>>>
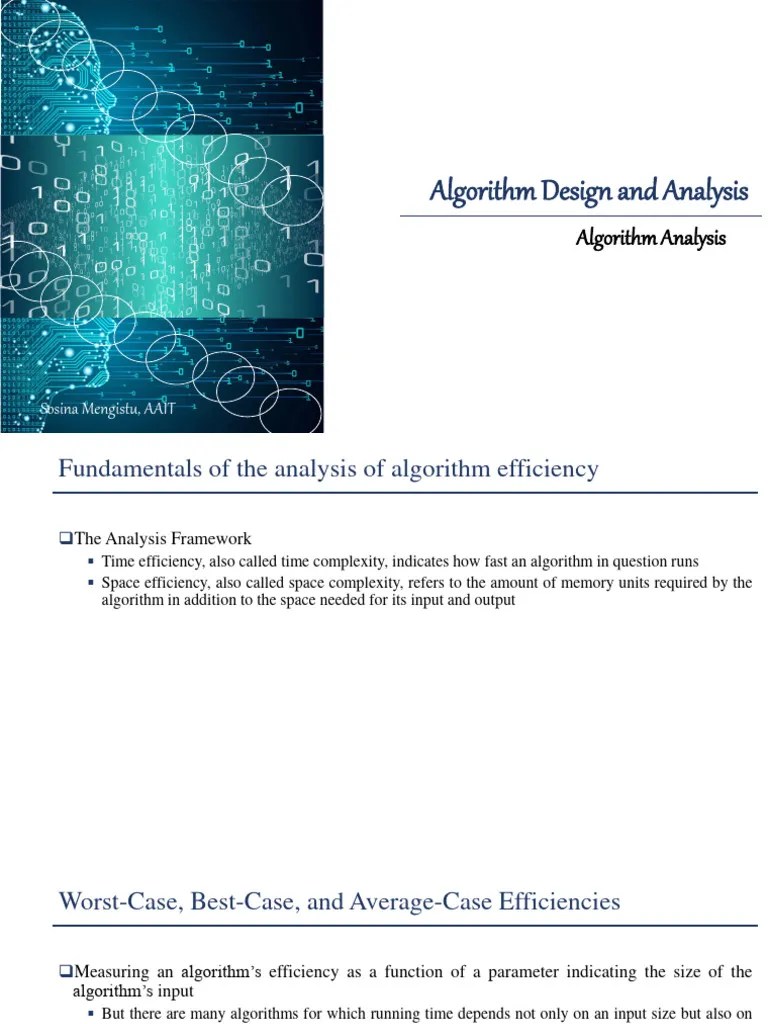 2-Analysis Of Algorithm | PDF | Algorithms And Data Structures ...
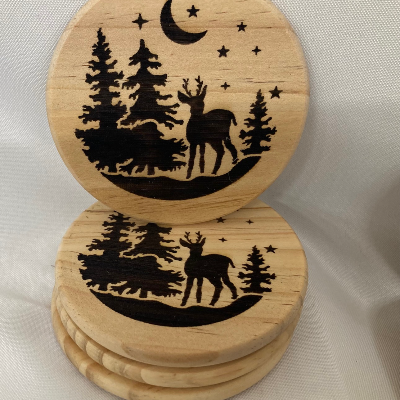 Drink Coasters - Pine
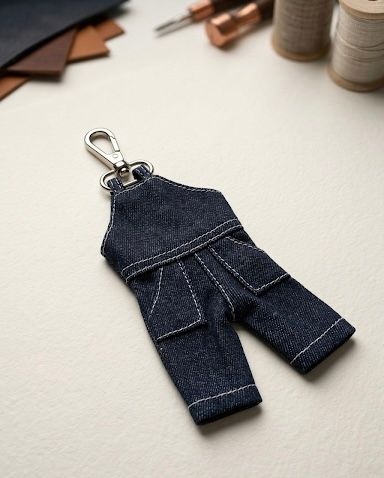 Handmade multicolor cotton doll key chain, cute Indian toy keychain accessory for bags, purses | ethnic gift from India on Shopify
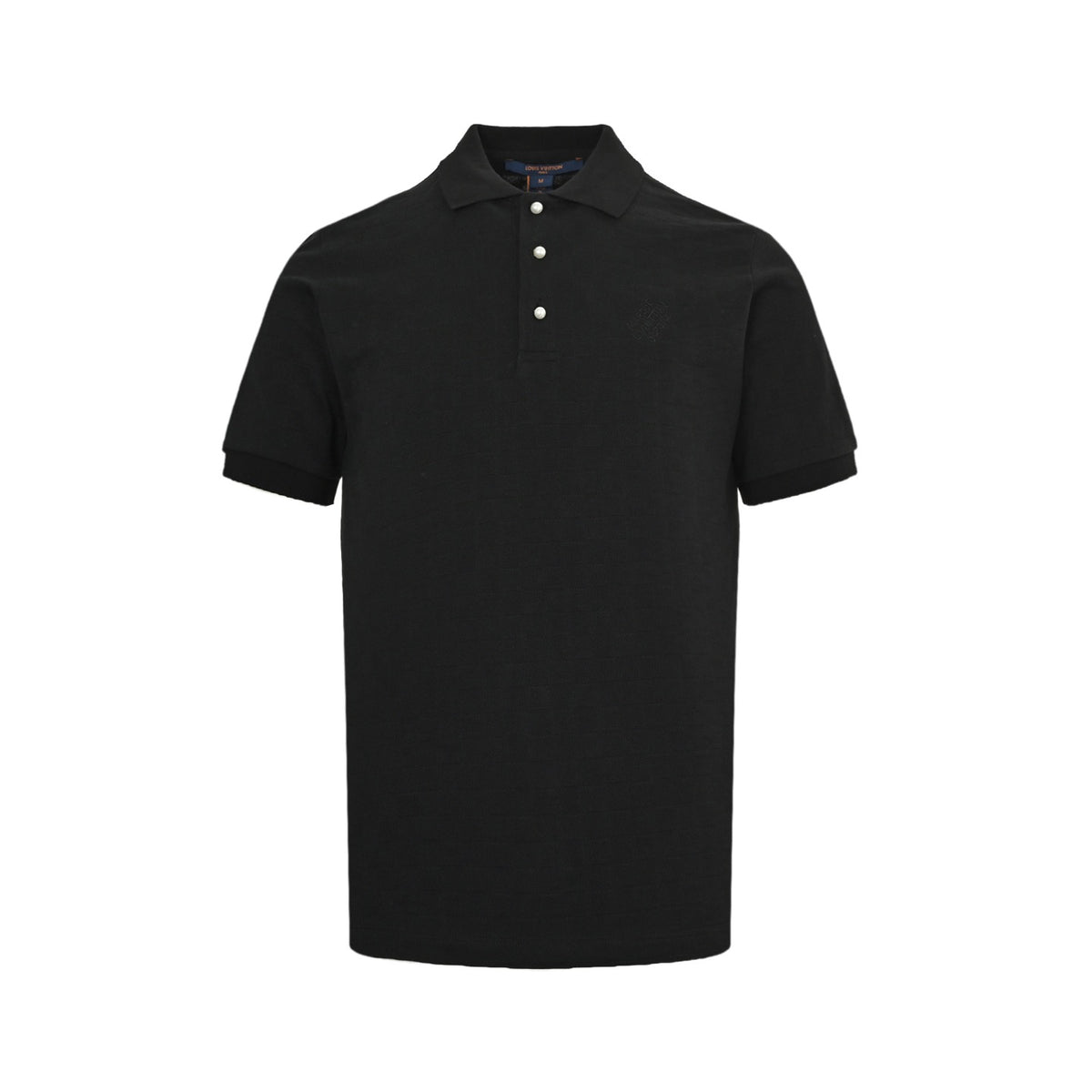 Louis Vuitton pearl button checkerboard embroidery Polo short sleeves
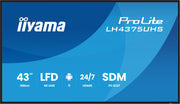 iiyama LH4375UHS-B2AG skyltställ Platt skärm för digital skyltning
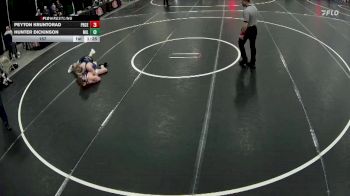 157 lbs Semis & 1st Wrestleback (8 Team) - Peyton Kruntorad, Pierce vs Hunter Dickinson, Milford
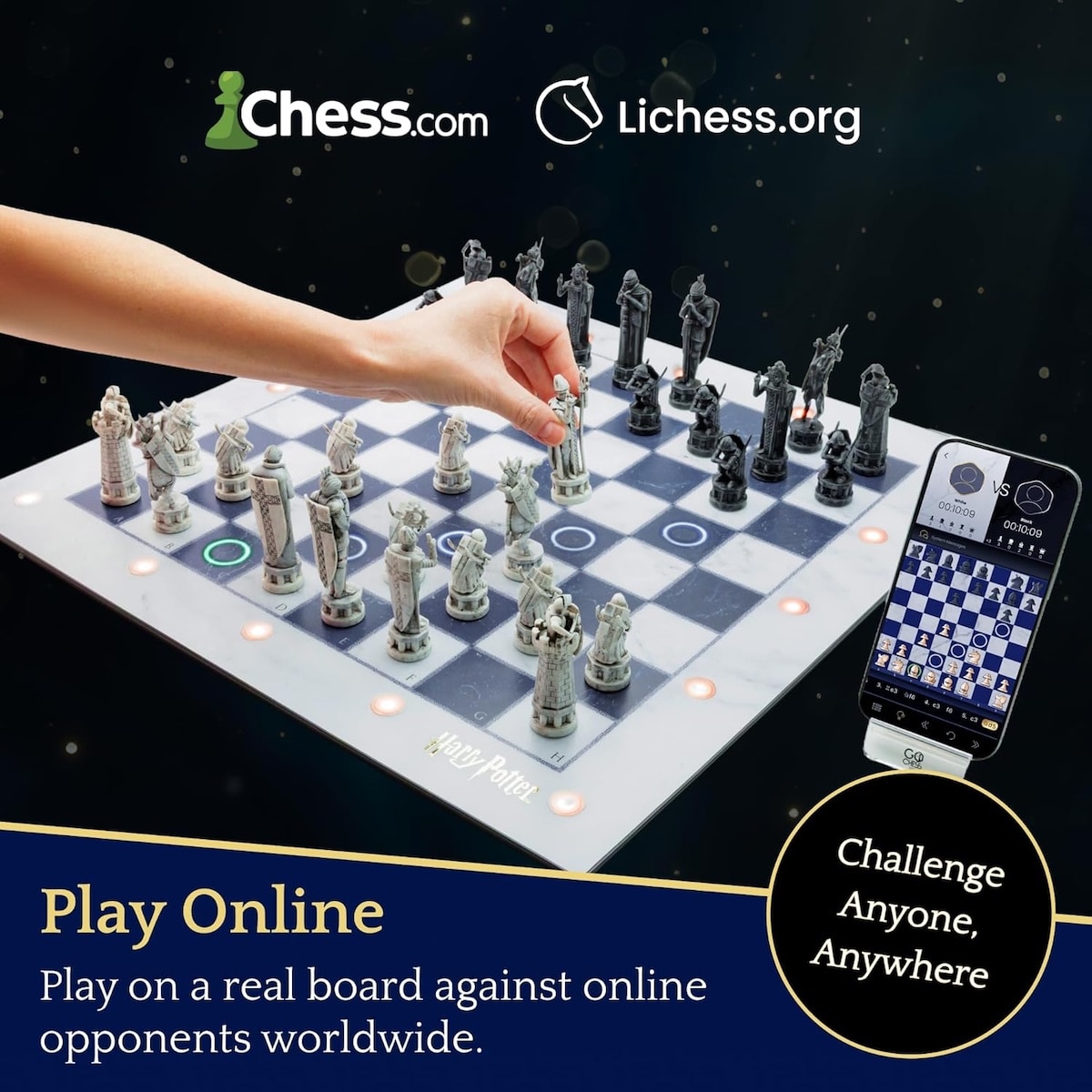 GoCube GoChess Harry Potter Wizard Mini AI Chessboard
<<<
* _YOUR TASK_
Your answer should be the lines above, word for word, from the line with "Handmade multicolor cotton" through the line with "iiyama LH4375UHS-B2AG skyltställ", minus the pictures.

* _REPLY TO THE TASK_
 Handmade multicolor cotton doll key chain, cute Indian toy keychain accessory for bags, purses | ethnic gift from India on Shopify
 Louis Vuitton pearl button checkerboard embroidery Polo short sleeves
 iiyama LH4375UHS-B2AG skyltställ Platt skärm för digital skyltning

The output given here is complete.